I have a brother who lives in a fairly upscale suburb of a large city. It was inconceivable to him to NOT live there because the schools elsewhere were bad, the neighborhoods elsewhere were dangerous and there were few infrastructure benefits in living elsewhere. He can’t have a pickup parked in his yard, like I can. He has to wear better clothing than I have to. He has “common elements” to pay for, where I don’t. He paid to send his kids to the subdivision “club” swimming pool, where I didn’t. Unless you live in a stable “ethnic” neighborhood in a major city (like “The Hill” in St. Louis) you can’t live where it’s cheap. You have to spend a lot of money if you want to live middle class. And to spend it, you have to make it.
My brother is a good man, and I don’t blame him for what he felt he had to do to have a decent life. But in terms of wealth, I have more than he does. And our social status is no different. We’re both “middle class” where we live. But his “middle classness” costs so much more.
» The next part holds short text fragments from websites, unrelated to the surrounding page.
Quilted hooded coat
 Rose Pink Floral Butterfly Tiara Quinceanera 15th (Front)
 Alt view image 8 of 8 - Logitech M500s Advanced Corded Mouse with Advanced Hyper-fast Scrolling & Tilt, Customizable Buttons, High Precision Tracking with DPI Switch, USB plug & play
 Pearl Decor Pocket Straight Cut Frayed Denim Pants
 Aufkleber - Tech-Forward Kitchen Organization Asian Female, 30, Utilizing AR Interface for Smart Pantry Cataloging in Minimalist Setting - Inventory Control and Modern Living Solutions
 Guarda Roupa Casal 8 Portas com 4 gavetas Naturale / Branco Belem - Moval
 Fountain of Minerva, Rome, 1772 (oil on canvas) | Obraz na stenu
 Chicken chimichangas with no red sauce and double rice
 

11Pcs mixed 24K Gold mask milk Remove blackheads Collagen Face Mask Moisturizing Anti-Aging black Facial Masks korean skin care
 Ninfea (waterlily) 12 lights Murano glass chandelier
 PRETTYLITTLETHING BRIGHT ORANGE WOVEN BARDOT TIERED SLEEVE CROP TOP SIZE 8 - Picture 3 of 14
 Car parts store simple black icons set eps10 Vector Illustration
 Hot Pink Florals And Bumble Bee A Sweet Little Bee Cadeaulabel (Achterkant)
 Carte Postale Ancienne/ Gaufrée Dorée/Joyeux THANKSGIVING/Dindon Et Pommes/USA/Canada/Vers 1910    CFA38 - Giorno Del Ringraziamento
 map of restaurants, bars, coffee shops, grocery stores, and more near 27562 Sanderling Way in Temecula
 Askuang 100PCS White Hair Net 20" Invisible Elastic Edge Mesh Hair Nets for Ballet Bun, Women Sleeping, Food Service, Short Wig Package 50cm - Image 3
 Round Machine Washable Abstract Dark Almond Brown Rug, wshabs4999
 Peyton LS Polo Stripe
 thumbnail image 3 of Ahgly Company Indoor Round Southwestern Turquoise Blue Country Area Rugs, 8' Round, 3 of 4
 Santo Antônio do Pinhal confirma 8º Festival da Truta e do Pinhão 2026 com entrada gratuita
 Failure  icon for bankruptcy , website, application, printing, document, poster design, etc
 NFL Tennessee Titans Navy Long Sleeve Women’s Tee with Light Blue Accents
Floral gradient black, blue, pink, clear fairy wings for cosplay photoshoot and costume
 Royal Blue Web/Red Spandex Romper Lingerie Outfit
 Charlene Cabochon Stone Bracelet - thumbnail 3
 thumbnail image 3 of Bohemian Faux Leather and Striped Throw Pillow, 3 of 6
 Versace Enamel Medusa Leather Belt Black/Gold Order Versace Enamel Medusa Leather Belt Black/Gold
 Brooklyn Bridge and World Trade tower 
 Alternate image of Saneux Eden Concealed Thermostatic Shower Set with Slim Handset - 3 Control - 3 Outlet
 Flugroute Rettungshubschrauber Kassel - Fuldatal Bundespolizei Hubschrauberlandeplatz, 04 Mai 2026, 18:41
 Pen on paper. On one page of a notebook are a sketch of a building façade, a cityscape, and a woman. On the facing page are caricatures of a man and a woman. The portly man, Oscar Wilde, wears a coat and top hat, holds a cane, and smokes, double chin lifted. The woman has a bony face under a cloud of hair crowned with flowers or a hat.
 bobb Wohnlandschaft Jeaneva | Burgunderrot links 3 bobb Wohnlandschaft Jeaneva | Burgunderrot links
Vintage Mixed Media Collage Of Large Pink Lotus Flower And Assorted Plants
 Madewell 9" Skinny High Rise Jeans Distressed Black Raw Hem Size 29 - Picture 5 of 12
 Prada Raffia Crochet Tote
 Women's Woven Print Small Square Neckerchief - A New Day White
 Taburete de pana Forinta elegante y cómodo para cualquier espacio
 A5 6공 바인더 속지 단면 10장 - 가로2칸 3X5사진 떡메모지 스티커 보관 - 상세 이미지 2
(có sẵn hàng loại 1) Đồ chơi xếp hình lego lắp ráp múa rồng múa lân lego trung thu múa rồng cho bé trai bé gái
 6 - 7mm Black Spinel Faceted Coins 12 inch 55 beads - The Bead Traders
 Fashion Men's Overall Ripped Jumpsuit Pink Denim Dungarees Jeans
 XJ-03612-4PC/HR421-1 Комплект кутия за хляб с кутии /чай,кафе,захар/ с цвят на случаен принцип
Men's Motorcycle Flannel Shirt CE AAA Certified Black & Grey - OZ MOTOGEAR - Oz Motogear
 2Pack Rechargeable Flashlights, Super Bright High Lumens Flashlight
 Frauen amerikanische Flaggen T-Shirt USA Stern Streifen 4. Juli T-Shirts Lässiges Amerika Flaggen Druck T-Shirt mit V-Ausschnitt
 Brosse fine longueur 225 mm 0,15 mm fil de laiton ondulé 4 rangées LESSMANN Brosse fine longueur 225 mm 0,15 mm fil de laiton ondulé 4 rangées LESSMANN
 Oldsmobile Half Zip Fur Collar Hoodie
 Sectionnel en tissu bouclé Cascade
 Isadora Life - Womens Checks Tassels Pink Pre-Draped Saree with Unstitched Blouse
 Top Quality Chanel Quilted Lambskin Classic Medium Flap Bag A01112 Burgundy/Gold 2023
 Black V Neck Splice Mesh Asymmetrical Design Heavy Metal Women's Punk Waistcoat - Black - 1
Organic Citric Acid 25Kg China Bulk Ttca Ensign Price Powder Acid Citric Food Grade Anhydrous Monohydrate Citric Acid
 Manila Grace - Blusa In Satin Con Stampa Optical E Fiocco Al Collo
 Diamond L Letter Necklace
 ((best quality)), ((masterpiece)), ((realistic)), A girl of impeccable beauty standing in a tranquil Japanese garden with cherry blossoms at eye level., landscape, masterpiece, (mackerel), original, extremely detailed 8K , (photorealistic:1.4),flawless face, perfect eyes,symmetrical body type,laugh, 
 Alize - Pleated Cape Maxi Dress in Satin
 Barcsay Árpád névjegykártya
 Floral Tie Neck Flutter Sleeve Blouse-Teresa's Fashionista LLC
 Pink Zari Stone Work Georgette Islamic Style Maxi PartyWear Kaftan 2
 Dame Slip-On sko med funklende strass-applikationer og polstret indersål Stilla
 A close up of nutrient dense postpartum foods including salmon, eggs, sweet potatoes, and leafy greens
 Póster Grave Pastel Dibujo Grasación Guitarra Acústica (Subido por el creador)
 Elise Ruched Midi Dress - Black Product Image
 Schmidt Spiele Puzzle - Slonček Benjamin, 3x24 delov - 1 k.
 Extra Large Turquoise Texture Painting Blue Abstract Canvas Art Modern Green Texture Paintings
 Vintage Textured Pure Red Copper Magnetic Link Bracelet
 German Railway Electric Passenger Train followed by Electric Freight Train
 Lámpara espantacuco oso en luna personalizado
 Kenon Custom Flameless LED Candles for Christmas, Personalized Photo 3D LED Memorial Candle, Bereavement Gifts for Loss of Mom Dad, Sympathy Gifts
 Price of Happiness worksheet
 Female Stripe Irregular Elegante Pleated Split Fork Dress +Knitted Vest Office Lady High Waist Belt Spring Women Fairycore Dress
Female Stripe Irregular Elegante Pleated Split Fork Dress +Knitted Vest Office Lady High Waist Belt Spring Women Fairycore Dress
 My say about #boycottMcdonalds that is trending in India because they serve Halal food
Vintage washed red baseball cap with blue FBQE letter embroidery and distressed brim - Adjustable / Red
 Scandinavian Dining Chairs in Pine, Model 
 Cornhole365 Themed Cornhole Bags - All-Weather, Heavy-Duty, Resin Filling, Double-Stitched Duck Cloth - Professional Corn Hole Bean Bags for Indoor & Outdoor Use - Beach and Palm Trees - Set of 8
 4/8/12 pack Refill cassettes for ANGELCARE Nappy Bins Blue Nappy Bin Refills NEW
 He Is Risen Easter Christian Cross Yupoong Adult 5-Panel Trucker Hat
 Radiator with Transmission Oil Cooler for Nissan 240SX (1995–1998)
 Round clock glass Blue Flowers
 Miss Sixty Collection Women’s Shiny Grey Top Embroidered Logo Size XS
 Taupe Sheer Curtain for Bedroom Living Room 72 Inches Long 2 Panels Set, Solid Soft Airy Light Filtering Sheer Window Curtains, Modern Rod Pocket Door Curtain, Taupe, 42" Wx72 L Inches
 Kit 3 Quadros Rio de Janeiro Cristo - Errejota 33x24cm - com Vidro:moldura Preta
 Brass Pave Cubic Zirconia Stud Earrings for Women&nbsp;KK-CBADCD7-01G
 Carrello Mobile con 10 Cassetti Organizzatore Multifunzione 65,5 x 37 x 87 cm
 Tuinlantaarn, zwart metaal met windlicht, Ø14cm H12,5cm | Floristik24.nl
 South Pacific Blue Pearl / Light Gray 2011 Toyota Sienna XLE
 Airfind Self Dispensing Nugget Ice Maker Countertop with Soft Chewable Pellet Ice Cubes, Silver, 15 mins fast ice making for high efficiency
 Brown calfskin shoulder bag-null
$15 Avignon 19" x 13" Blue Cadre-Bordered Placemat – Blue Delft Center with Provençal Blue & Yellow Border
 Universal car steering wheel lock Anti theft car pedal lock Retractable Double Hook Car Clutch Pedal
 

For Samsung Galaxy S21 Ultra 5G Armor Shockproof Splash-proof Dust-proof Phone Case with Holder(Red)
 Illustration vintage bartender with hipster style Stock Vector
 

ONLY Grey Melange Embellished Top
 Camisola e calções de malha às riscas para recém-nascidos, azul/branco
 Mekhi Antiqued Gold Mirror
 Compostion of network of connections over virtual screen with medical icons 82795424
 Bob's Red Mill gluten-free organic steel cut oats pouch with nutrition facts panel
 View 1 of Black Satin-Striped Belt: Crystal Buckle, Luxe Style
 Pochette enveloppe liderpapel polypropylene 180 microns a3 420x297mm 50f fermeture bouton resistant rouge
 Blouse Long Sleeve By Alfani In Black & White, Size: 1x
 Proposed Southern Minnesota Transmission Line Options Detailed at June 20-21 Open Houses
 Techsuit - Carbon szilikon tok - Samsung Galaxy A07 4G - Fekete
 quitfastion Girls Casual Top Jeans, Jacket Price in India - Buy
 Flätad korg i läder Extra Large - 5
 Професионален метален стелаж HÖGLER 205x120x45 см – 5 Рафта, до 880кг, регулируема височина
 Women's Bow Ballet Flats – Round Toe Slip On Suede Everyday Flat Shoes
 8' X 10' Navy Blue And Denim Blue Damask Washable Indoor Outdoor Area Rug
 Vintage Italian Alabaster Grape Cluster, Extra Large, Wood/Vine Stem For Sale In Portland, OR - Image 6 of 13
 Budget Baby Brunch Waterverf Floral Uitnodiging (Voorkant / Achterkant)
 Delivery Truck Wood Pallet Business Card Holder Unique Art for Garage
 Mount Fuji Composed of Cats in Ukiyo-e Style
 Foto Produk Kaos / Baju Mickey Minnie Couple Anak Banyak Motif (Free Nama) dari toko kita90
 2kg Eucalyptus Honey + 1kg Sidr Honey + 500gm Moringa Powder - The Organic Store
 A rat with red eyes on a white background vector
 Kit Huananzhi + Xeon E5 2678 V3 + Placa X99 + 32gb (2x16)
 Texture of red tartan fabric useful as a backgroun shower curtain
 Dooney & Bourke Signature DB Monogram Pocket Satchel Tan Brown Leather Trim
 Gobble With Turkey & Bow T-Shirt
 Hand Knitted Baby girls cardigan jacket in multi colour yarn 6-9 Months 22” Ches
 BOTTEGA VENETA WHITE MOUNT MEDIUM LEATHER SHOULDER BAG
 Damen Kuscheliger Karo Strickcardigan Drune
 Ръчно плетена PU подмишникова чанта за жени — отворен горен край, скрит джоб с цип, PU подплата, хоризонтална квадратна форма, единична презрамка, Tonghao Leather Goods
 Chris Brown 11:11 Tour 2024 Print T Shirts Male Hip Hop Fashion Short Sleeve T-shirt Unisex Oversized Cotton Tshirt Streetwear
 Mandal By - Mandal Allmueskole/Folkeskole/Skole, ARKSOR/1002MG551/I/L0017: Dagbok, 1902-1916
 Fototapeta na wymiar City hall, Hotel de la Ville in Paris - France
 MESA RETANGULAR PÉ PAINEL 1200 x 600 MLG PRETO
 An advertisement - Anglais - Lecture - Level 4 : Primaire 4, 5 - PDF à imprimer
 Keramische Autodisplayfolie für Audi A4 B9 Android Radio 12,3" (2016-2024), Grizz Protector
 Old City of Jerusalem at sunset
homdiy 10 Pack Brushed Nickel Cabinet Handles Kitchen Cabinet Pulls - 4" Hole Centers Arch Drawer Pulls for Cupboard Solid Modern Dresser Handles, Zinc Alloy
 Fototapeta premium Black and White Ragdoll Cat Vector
I sometimes think the economics and social structure of our time is nuts. The very structure of our cities and infrastructure mandates a socioeconomic segregation that sometimes seems to me nearly as rigid as the caste system in India.
I grew up in Detroit, in a woodframe home which was built in the late 1940s. My mother worked at a large commercial bakery, and paid cash for it. My father worked in a small repair shop. She and my father were foreign immigrants with a 6th and 7th grade education. They both grew up on farms. We listened to the radio and had a modest black and white TV. We didn’t need color. My father used to take the bus to and from work. The same for my mom. After she had kids, she was a stay at home mom. My dad eventually bought a car.